Sparkify is a fictional music-streaming company, and in this notebook, I'm going to analyze Sparkify's streaming data to predict customers that are likely to churn. Udacity provided two separate datasets, a mini-version (128MB), which was used in this notebook, and a larger version (12GB), which was used in an AWS EMR cluster.
Check out the accompanying Medium Article (linked in my Github Repo) for a write up and reflection!
One of the most important concerns for companies with subscription-based business models is customer churn. Customers downgrade or discontinue service for various reasons, and the service provider often cannot know when or why customers leave until they leave!

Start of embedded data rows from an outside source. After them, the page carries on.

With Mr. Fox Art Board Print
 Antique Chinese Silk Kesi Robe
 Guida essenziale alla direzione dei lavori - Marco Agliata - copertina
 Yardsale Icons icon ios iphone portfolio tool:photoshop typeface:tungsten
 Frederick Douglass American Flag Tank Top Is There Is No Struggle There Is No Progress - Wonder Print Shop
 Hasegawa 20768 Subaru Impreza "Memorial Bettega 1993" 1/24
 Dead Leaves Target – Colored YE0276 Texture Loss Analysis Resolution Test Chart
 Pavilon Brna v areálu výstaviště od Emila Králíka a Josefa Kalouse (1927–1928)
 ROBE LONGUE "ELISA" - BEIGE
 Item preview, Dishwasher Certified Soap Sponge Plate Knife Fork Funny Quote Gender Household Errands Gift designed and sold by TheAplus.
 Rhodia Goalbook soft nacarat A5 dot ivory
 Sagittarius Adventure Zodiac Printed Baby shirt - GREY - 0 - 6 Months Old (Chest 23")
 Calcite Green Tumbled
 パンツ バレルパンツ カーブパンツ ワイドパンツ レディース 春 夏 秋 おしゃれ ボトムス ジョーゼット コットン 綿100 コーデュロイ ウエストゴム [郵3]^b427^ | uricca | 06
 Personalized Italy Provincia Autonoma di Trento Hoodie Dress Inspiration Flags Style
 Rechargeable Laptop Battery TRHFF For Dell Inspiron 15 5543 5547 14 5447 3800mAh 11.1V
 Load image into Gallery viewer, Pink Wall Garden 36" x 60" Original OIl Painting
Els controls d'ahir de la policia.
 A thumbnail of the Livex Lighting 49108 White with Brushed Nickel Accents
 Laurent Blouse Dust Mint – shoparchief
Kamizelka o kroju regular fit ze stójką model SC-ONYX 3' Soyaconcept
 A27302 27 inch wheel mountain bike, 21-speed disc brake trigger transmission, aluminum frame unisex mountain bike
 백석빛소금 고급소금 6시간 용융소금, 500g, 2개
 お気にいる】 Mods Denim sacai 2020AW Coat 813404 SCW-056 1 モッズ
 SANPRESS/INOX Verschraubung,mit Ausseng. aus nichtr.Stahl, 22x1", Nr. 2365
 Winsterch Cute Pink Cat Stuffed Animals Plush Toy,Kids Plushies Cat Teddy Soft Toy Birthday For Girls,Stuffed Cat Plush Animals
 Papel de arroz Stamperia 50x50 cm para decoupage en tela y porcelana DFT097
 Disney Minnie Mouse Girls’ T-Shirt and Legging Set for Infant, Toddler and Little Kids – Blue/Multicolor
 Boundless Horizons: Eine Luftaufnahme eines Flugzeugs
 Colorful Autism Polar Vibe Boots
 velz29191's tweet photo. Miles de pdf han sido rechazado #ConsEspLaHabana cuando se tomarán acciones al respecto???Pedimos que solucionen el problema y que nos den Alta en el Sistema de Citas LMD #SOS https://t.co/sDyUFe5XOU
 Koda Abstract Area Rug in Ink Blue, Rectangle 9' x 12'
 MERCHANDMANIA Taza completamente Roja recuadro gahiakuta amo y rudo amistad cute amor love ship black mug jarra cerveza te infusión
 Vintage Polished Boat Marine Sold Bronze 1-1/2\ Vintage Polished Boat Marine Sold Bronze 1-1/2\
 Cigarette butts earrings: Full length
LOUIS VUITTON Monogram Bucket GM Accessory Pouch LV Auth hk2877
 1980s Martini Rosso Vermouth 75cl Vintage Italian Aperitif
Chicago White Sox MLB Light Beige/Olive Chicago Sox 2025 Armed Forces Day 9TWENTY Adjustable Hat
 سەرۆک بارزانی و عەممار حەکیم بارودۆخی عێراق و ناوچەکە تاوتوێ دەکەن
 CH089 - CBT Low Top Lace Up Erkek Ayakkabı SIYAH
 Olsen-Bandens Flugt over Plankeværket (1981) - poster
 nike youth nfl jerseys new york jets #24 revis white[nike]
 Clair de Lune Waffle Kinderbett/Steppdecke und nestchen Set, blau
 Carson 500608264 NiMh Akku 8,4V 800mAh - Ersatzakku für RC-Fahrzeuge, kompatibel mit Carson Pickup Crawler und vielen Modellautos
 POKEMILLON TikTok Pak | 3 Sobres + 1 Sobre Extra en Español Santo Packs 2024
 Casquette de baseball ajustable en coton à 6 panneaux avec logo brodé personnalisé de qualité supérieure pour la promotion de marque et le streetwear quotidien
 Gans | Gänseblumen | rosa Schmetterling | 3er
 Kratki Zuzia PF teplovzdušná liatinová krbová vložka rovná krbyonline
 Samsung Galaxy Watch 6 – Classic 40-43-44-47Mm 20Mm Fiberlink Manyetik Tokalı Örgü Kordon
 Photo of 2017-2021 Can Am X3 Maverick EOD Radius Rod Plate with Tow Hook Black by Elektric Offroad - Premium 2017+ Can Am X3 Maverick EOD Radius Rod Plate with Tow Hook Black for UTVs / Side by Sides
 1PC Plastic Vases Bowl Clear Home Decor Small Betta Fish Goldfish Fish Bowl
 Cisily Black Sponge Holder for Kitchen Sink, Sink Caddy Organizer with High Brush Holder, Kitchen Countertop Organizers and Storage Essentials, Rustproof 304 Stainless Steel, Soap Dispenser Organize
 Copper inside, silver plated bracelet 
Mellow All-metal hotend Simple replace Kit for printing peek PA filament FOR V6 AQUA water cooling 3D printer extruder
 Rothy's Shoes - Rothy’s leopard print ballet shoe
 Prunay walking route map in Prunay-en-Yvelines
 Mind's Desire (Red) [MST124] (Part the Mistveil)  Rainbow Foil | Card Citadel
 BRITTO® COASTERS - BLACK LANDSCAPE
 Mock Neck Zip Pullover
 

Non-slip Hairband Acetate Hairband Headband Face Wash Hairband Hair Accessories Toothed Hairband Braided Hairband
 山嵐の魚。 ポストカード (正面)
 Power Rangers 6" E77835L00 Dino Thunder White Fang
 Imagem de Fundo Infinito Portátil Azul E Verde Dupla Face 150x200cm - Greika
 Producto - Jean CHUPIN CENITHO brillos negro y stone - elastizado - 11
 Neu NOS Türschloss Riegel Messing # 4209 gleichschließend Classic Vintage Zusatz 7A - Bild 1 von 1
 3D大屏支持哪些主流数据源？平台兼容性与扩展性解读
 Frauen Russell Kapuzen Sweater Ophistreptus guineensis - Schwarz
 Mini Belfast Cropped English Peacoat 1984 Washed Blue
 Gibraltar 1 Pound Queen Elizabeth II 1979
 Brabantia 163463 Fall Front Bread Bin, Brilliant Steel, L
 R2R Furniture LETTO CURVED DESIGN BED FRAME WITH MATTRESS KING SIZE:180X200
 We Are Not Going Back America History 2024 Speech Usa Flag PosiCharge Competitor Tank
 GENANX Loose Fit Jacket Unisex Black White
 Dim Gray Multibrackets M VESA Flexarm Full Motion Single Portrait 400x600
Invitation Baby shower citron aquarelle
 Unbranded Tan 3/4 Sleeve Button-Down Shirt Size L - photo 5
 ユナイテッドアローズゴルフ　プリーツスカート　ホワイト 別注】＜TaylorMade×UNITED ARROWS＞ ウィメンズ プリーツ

If we can reliably predict whether a customer is likely to churn, we have the chance to retain these customers by intervening with promotions, communicating new features, etc. This is a proactive approach to retaining customers, as opposed to a reactive approach of getting back lost customers.
import pandas as pd
import matplotlib.pyplot as plt
%matplotlib inline
import seaborn as sns
import numpy as np
from pyspark.sql import SparkSession, Window
from pyspark.sql.functions import count, col, udf, desc, max as Fmax, lag, struct, date_add, sum as Fsum, \
datediff, date_trunc, row_number, when, coalesce, avg as Favg
from pyspark.sql.types import IntegerType, DateType
from pyspark.ml.classification import LogisticRegression, GBTClassifier, RandomForestClassifier
from pyspark.ml.evaluation import MulticlassClassificationEvaluator
from pyspark.ml.feature import StandardScaler, StringIndexer, VectorAssembler
from pyspark.ml.tuning import CrossValidator, ParamGridBuilder
import datetime
# Creating a Spark Session
spark = SparkSession \
.builder \
.appName("Sparkify") \
.getOrCreate()
df = spark.read.json('mini_sparkify_event_data.json')
def shape_ps_df(df):
'''
Print shape of PySpark DataFrame
'''
print(f'DF Shape: ({df.count()},{len(df.columns)})')
shape_ps_df(df)
df.printSchema()
df.take(1)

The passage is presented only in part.